Although she doesn’t get a lot of recognition, Junipa of Walther Productions does a lot of the work behind the scenes and is instrumental to the overall operation. Conceptualizing and planning the festival’s various activities is one of the areas she feels most strongly about. "What we’re trying to offer, is to have the audience more interactive with the event," says Junipa. "Ways that can enrich them, so when they leave, they’re not just leaving with a T-shirt and some souvenirs, but with a tangible sense of being a part of the show, that’s why the workshops are there. That’s why the kid’s activities are going to be better, more organized and structured."
And yes, there’s going to be plenty of music too. One of the great things about these festivals is being able to check out so many new bands and different styles of music. All Good 2000 is no exception. "The thing I really like about it, is that five of the six bands that we have on Friday are all of the ‘new grass’ nature and they all have their own flavor," says Walther. "We’re going to put Lake Trout in there too, they’re gonna really break things up in a very interesting way! Saturday will be more rock and jazz. We're offering a wide range of music and what we anticipate to be some rather interesting transitions, such as Wise Monkey into Dr. Didg into Blueground and Soulive into the All Mighty Senators. We’re really excited about pairing the Disco Biscuits and moe. together to close out the music. We think the bands go along great and their fan bases are similar, yet different, but there’s some crossover there."

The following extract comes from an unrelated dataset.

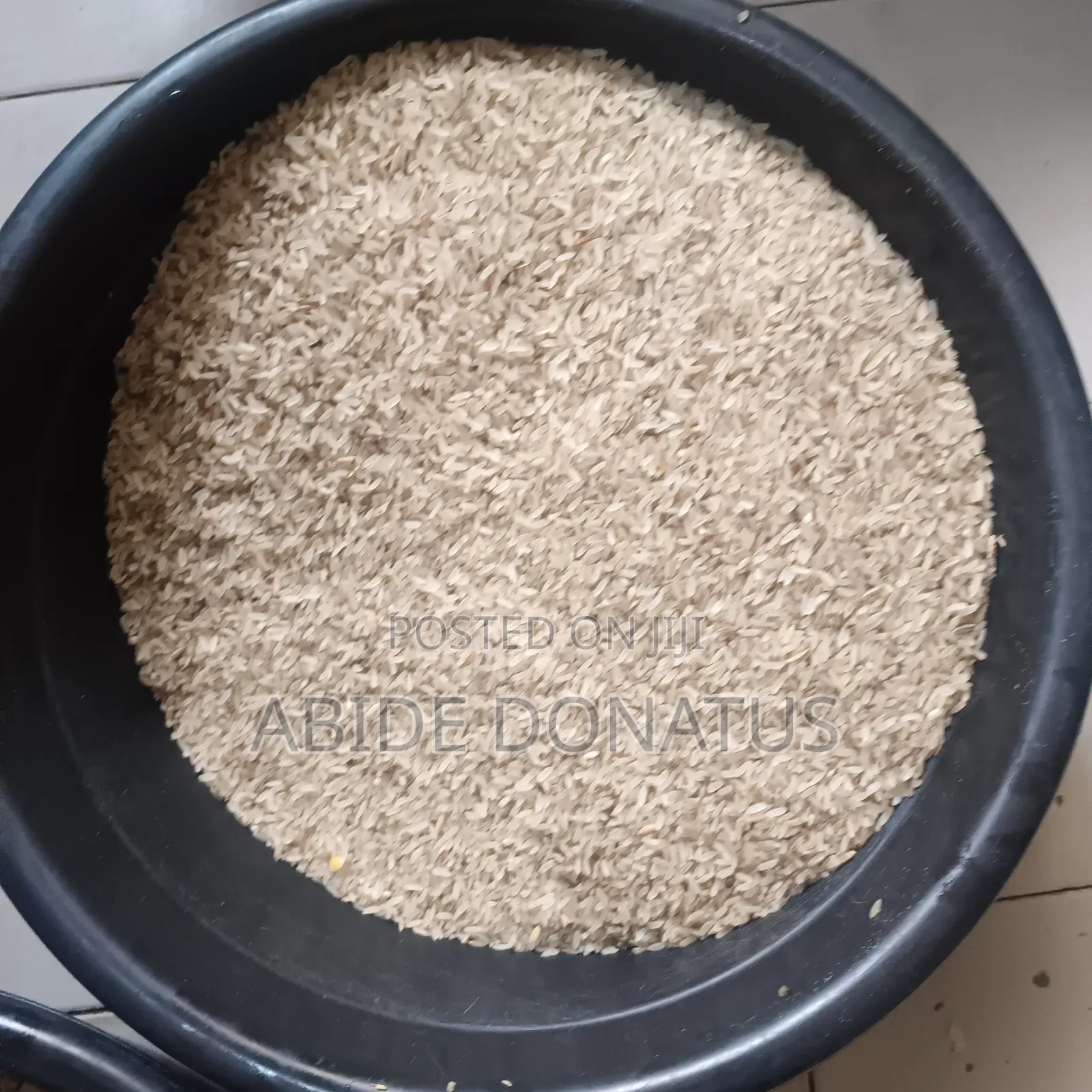 50kg Clean Dog Rice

Sounds like a good mix. Not only musically, but overall. "We’re trying to make a place for people to come, to gather, and really feel like they’re sharing the same mind with other people, which is the love of music, the love of congregating, and having a good weekend," says Junipa. "We can sit around the fire and talk, or do drum circles, or take a walk, or congregate with other people, make new friends in different states and stuff. I think that’s really the spirit of the festival, it’s not entirely just seeing the bands play, it’s an interaction with others."